Forum Moderators: phranque
Problems:
Problem #1 I need to block traffic that comes in from MULTIPLE malicious domains (badsite1.com, badsite2.com, etc.). Wherever they arrive on the site, I want them to be redirected to PAGE1.html.
Problem #2 I need to have a list of IP address in my .htaccess file that I'm blocking. (I already have a long list) These visitors will be redirected to a different page (PAGE2.html)
Problem #3 If a visitor whose IP I have already blocked visits my site through a malicious domain I want him to be
redirected to PAGE1.html NOT PAGE2.html.
------------------------------------------
To achieve this effect, I'm not sure what order everything needs to be on the website or what code needs to be added. I need to be able to add new malicious domains in the future and it can't mess up the code. I'm not too terribly good at .htaccess as you can tell, and would so appreciate it if I could have some help with this issue.

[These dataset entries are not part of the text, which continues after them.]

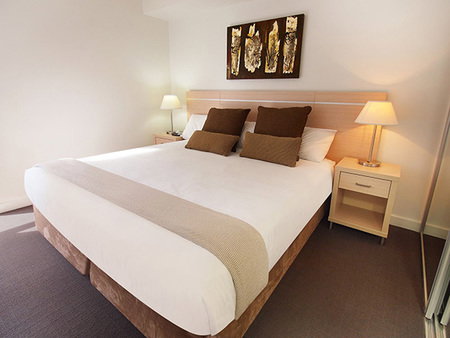 Oaks Festival Towers - Tourism Brisbane 1
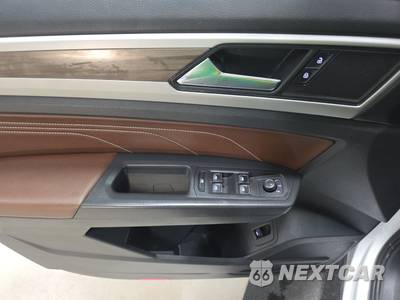 2023 Volkswagen Atlas 2.0T SEL - zdjęcie 9 z 30 - miniatura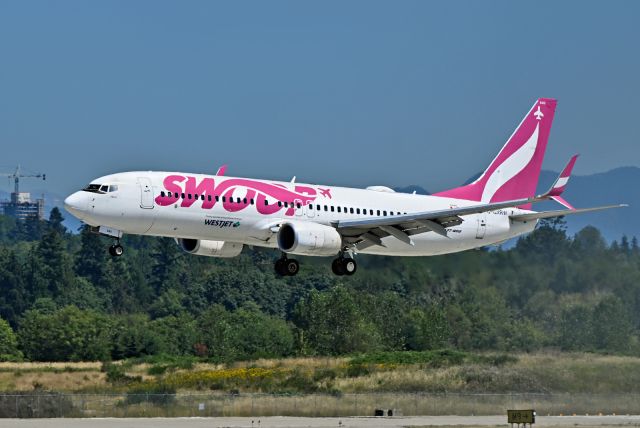 Boeing 737-800 (C-GXRW)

Below is everything that my .htaccess file CURRENTLY consists of in the order they appear in the .htaccess file: (spacing is for clarity)
# Block of 301 redirects
Redirect 301 http://www.example.com/somepage.html http://www.example.com/some-other-page.html
Redirect 301 http://www.example.com/somepage.html http://www.example.com/some-other-page.html
Redirect 301 http://www.example.com/somepage.html http://www.example.com/some-other-page.html
#List of Blocked IP addresses:
RewriteCond %{REMOTE_HOST} xx\.xx\.xx\.xx [OR]

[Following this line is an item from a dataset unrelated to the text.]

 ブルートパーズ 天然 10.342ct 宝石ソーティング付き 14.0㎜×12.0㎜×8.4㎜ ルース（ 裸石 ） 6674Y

RewriteCond %{REMOTE_HOST} xx\.xx\.xx\.xx [OR]
RewriteCond %{REMOTE_HOST} xx\.xx\.xx\.xx [OR]
RewriteCond %{REMOTE_HOST} xx\.xx\.xx\.xx
#NOT SURE WHAT SHOULD GO HERE ONCE BLOCKED DOMAINS ARE ADDED
------------------------------------------
[edited by: jdMorgan at 3:18 am (utc) on June 20, 2009]
[edit reason] example.com [/edit]
Do you really want a redirect? With a redirect you will tell the other end that it needs to make a new request for a new URL (i.e. they will see that they are being handled differently). If you used a rewrite, the other end would see 'alternative content' at the same URL that they requested (i.e. this happens silently).
Basically, the code above is so flawed that it indicates that more than just a simple "add this line" answer is needed. For example, the "Redirect" lines each contain a major error, and the variable "REMOTE_HOST" requires a full or partial domain name, not an IP address.
It's also not clear if you want to block requests from servers at those addresses, or if you want to block visitors referred by the Web sites at those addresses.
If you mix directives from mod_alias and mod_rewrite as you have done, then you cannot control the order that directives from those two modules will execute. Furthermore, if you change hosts, or if your existing host 'upgrades' your server, that execution order may change -- breaking your site. You also won't be able to control what happens if the 'bad request' meets the criteria for both blocking methods -- at least, not reliably.
So your simple answer is that you need to add a RewriteRule, such as
RewriteRule .* - [F]
Also be aware that unless you add an exception, you won't be able to use a custom 403 error document on this site. Also, any robots accessing your site from those blocked addresses will likely assume that they can/should attempt to spider your entire site, since they won't be able to fetch robots.txt.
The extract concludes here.